### Task directions:
Below is a listing with pictures in it. Copy it exactly without them.

### Material to process:
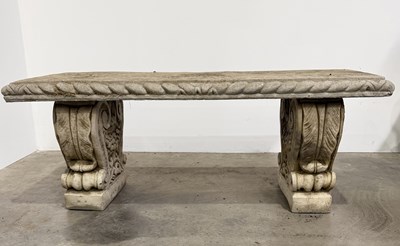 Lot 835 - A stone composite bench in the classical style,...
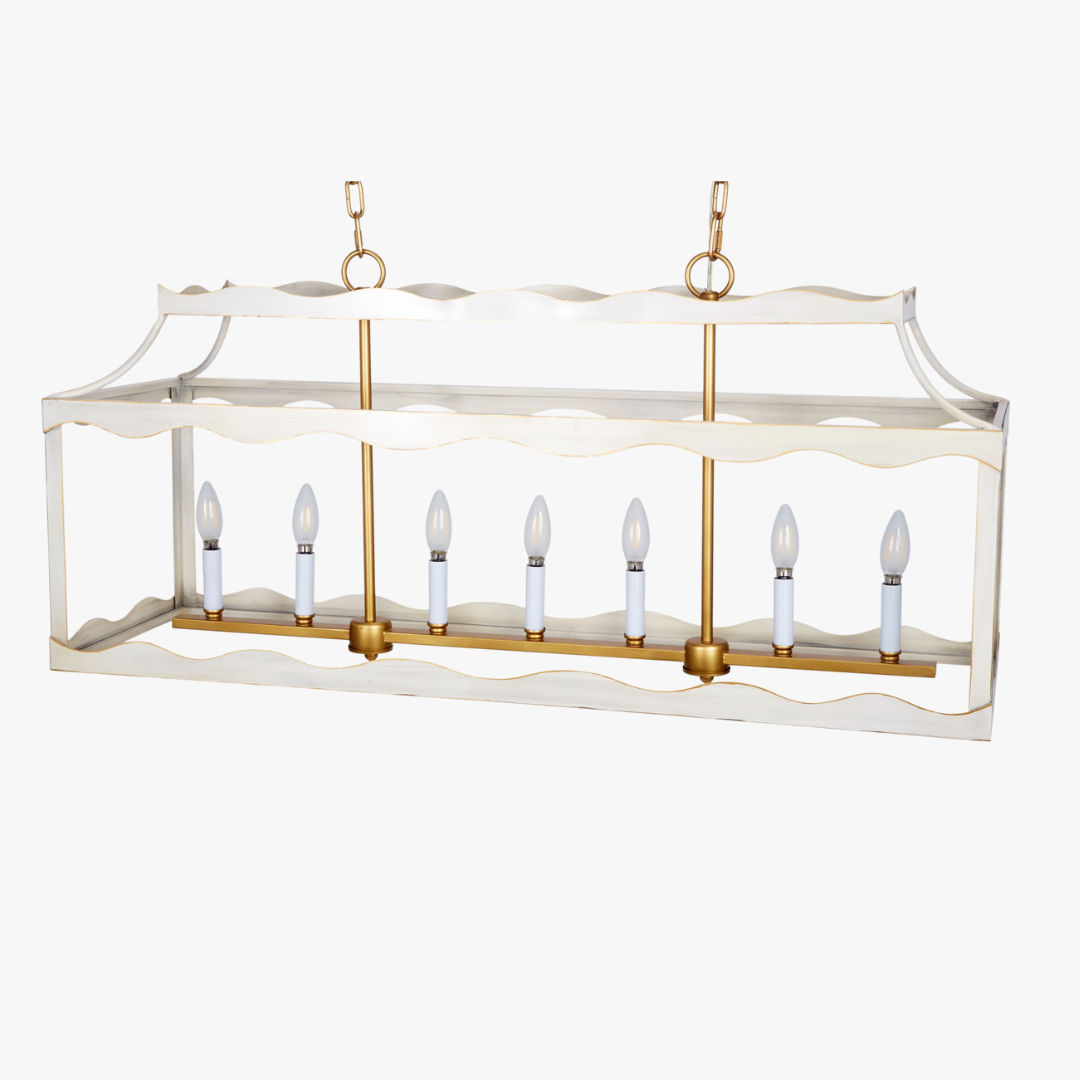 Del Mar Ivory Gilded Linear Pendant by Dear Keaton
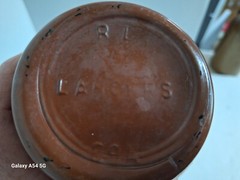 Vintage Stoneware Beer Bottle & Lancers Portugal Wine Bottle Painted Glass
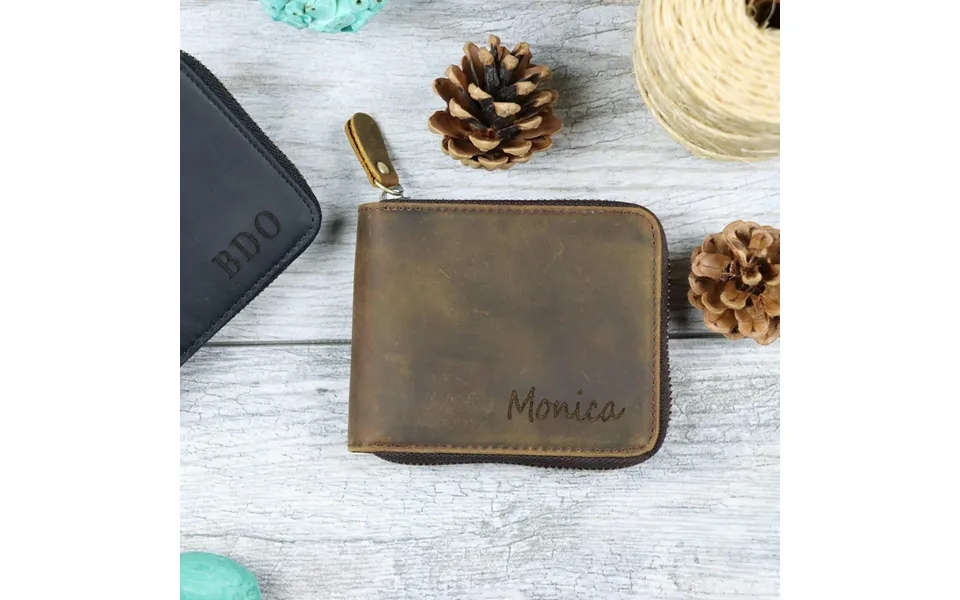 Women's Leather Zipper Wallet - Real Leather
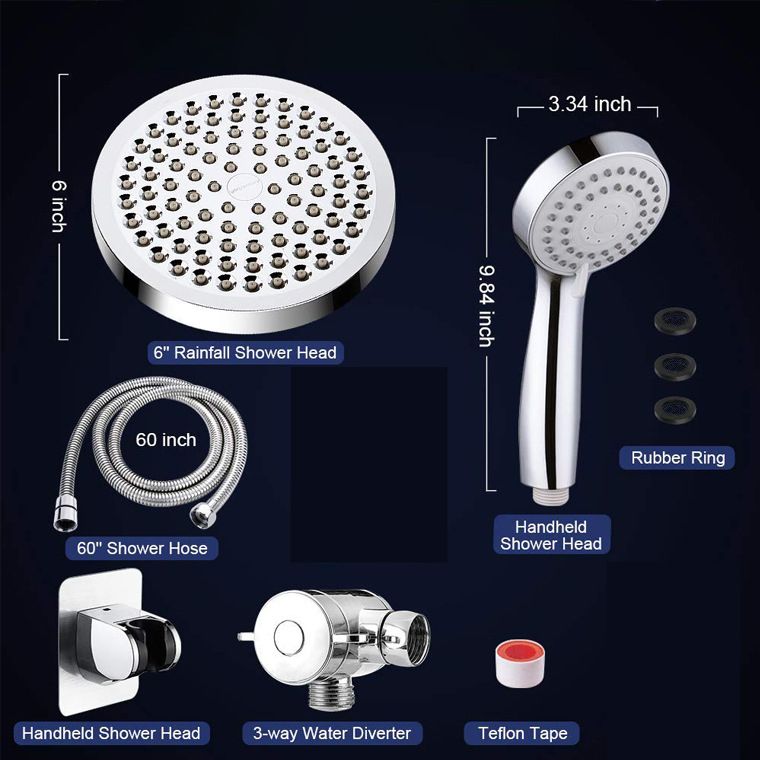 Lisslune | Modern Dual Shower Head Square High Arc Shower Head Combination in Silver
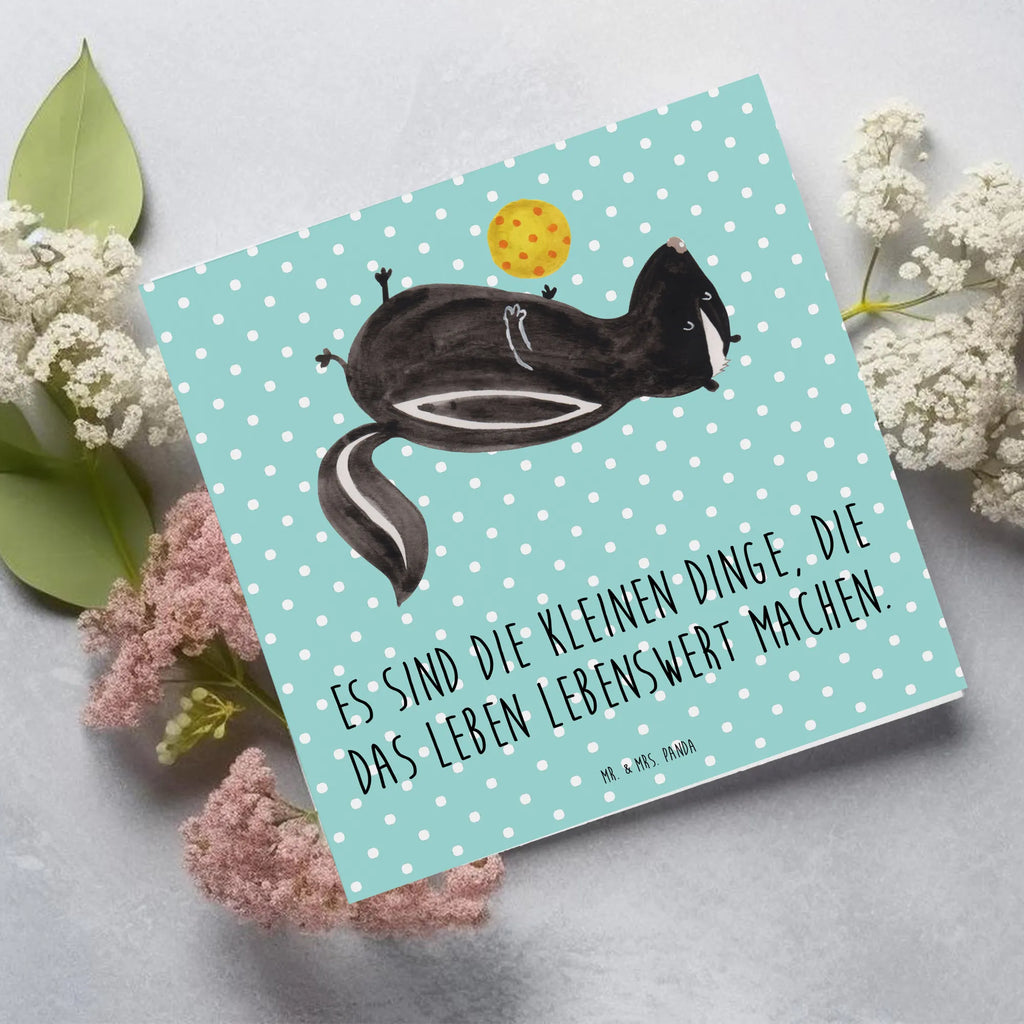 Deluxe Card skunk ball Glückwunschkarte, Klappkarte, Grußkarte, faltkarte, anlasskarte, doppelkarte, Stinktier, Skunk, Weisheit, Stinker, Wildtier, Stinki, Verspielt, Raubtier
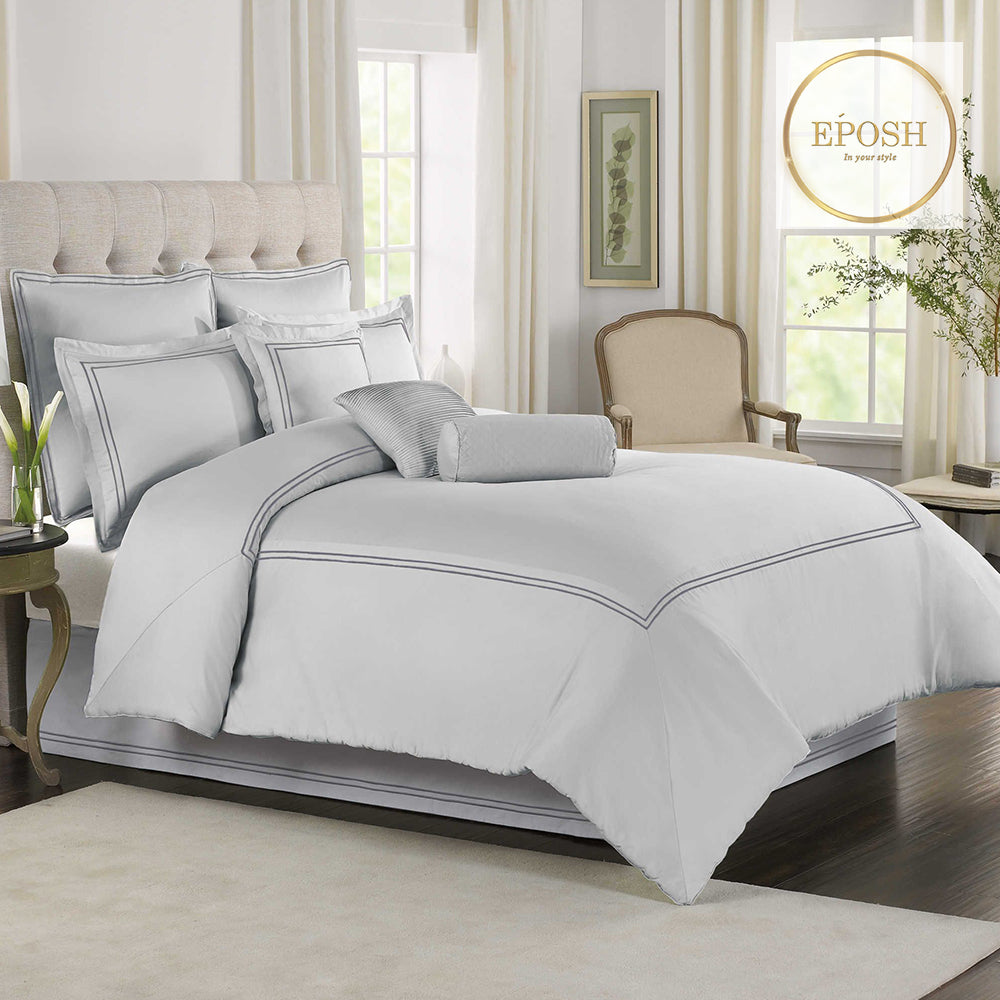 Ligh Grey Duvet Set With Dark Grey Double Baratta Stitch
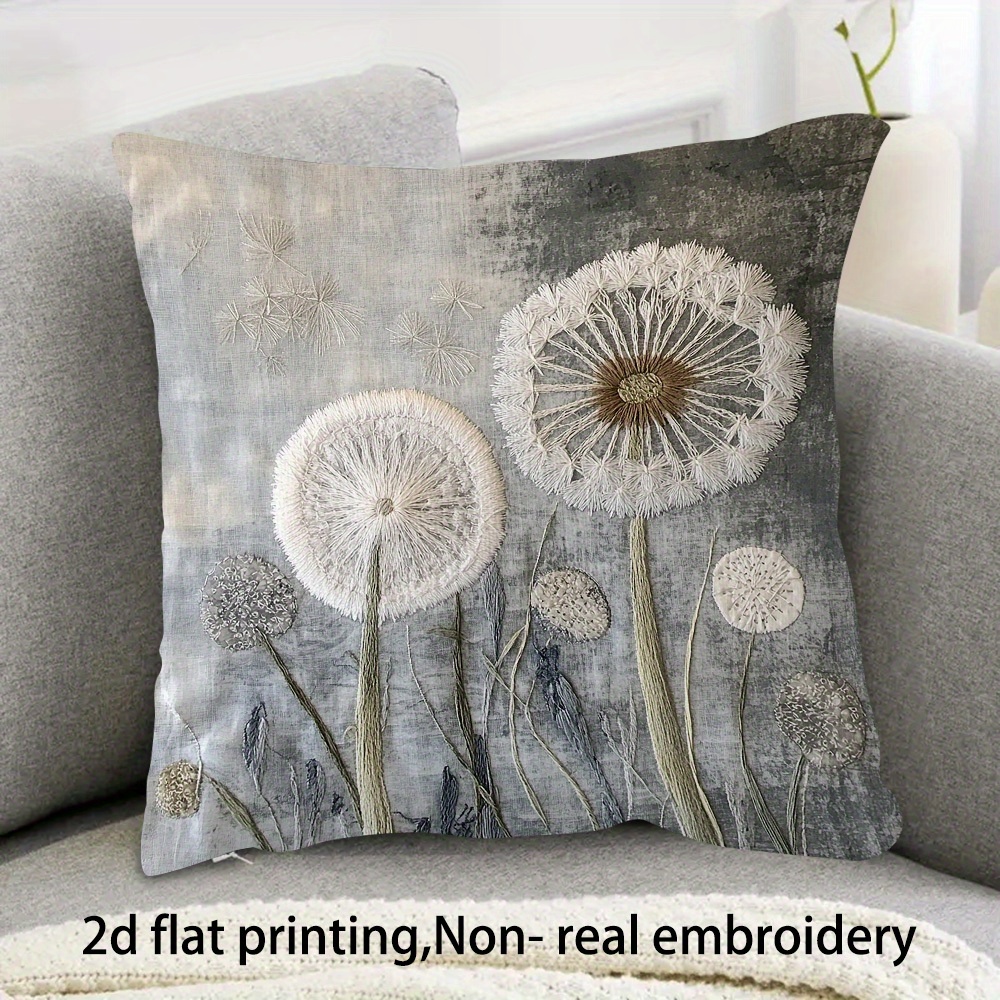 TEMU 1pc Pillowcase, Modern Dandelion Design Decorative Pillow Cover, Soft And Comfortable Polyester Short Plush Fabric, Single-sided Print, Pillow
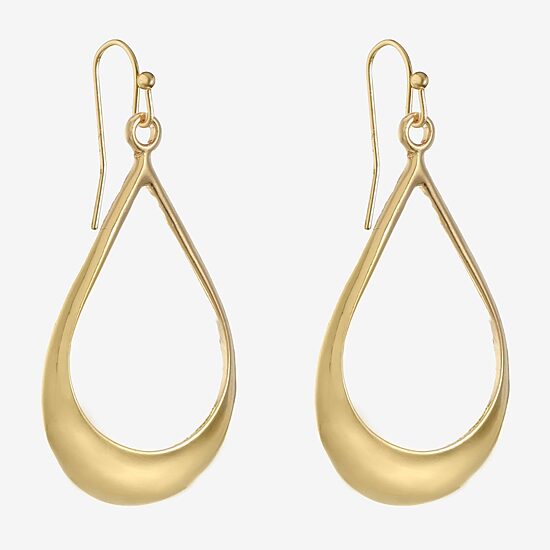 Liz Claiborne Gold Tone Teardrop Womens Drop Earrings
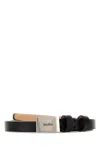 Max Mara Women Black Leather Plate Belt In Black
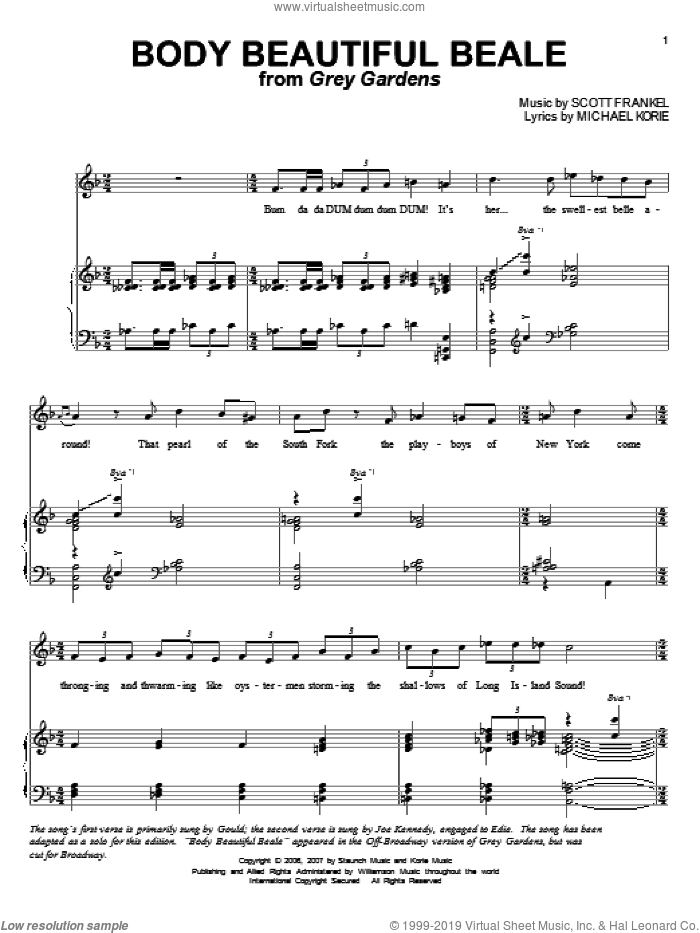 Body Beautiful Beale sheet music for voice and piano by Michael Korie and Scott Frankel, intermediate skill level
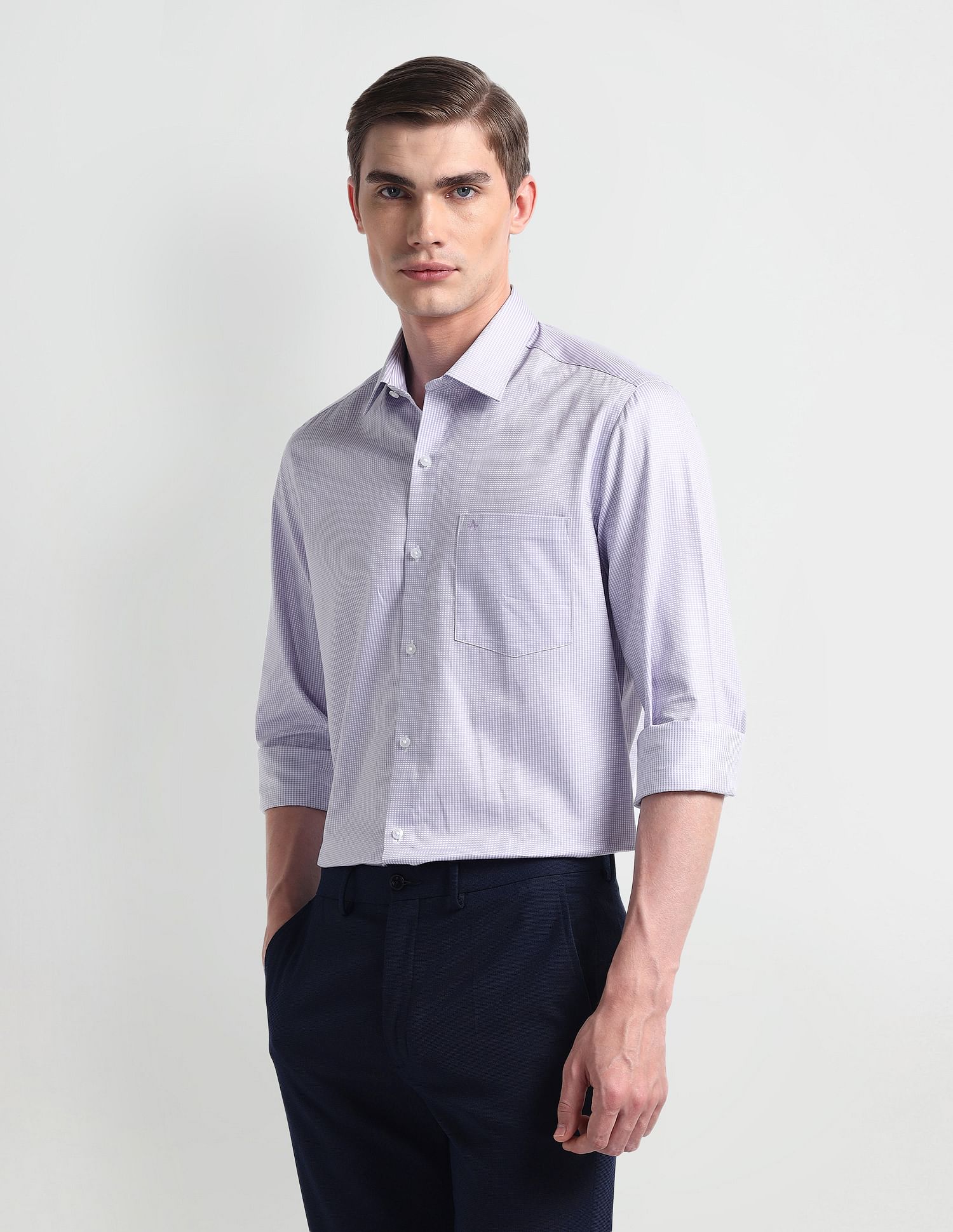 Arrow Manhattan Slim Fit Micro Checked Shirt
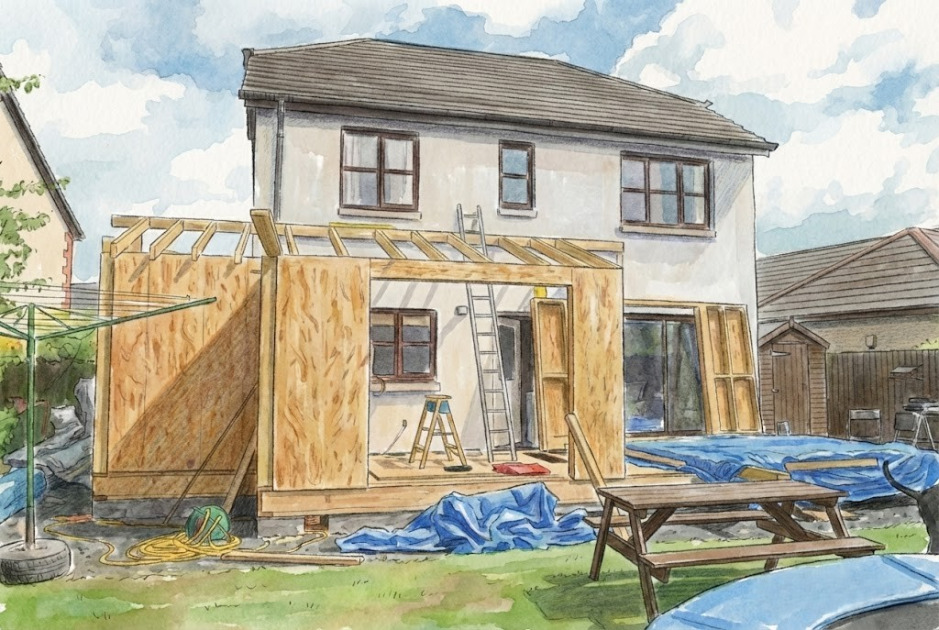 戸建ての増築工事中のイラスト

### Finished task:
 Lot 835 - A stone composite bench in the classical style,...
 Del Mar Ivory Gilded Linear Pendant by Dear Keaton
 Vintage Stoneware Beer Bottle & Lancers Portugal Wine Bottle Painted Glass
 Women's Leather Zipper Wallet - Real Leather
 Lisslune | Modern Dual Shower Head Square High Arc Shower Head Combination in Silver
 Deluxe Card skunk ball Glückwunschkarte, Klappkarte, Grußkarte, faltkarte, anlasskarte, doppelkarte, Stinktier, Skunk, Weisheit, Stinker, Wildtier, Stinki, Verspielt, Raubtier
 Ligh Grey Duvet Set With Dark Grey Double Baratta Stitch
 TEMU 1pc Pillowcase, Modern Dandelion Design Decorative Pillow Cover, Soft And Comfortable Polyester Short Plush Fabric, Single-sided Print, Pillow
 Liz Claiborne Gold Tone Teardrop Womens Drop Earrings
 Max Mara Women Black Leather Plate Belt In Black
 Body Beautiful Beale sheet music for voice and piano by Michael Korie and Scott Frankel, intermediate skill level
 Arrow Manhattan Slim Fit Micro Checked Shirt
 戸建ての増築工事中のイラスト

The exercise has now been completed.